Encore une analyse de l’UPR confirmée, la Commission européenne menace de la Cour de justice de l’Union européenne (CJUE) 19 états de l’UE, dont la France, qui tardent à appliquer sa directive sur le droit d’asile.

Ce 23 septembre 2015, la Commission européenne vient de lancer pas moins de 40 procédures contre 19 États membres pour ne pas avoir encore « mis en conformité » leur législation avec la dernière « directive européenne » sur le droit d’asile.

Parmi les 19 États figurent la Grèce, l’Italie et la Hongrie, situées tous trois à des frontières stratégiques de l’UE et par conséquent points d’arrivée du flux de migrants, mais aussi l’Allemagne et la France..

En cas d’absence de réponse ou de réponse insatisfaisante, la Commission relancera les États récalcitrants une fois. Et s’ils n’obéissent toujours pas, elle pourra alors demander à la Cour de Justice de l’Union européenne (CJUE, située à Luxembourg) d’ouvrir une procédure contentieuse.

Au bout du processus (que la France a déjà subi sur bien d’autres sujets), les 19 États pourront écoper d’une mise en demeure de la CJUE et d’une amende de plusieurs centaines de milliers d’euros par jour de retard dans la transposition en droit national de la directive européenne sur le droit d’asile.

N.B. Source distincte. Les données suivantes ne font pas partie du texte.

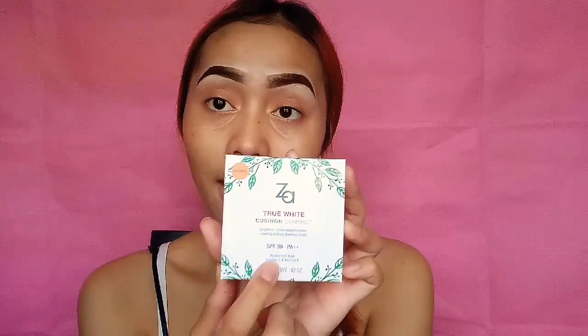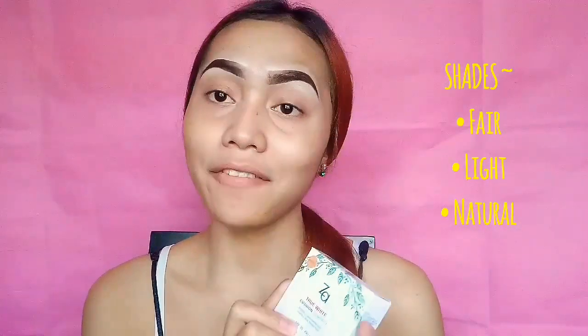Hi guys, so this is my review of the Tengkara Cushion Compact from C.A. This is my first time using a Cushion Compact from C.A. It claims that it can cover imperfections and give a dewy and flawless finish. It has SPF 30 and PA. It also contains hyaluronic acid, vitamin C, and vitamin D. For the shade, I'm using Natural because I have medium skin.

Berlin et Paris ont aussitôt réagi à la menace de Bruxelles, en promettant d’appliquer rapidement les règles européennes.

En France, le ministère de l’Intérieur a ainsi fait savoir que la partie législative de la directive européenne est déjà transposée, et que le principal décret avec la partie réglementaire a été publié mardi au Journal officiel.

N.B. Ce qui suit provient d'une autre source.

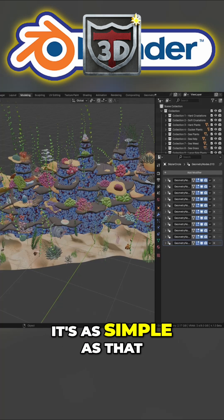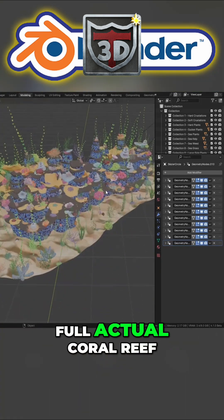And there you go, everyone. It's as simple as that. As you can see now, we've got actually a full actual coral reef.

[ source de ces informations : http://www.romandie.com/news/La-Commission-europeenne-epingle-19-pays-de-lUE-pour-non-respect-du-droit-/632645.rom ]

COMMENTAIRES

Cette information du jour confirme une nouvelle fois les analyses de l’UPR, sous plusieurs angles :

1°) CONFIRMATION QUE LES ÉTATS ONT PERDU QUASIMENT TOUT POUVOIR EN MATIÈRE DE POLITIQUE MIGRATOIRE

Comme le dit l’UPR, cette information prouve que le pouvoir en matière de droit d’asile et d’immigration est, depuis le traité d’Amsterdam de 1998, d’abord et avant tout du ressort de l’Union européenne.

Ce principe est posé par les articles 67, 77, 78 et 79 du traité sur le fonctionnement de l’Union européenne (TFUE).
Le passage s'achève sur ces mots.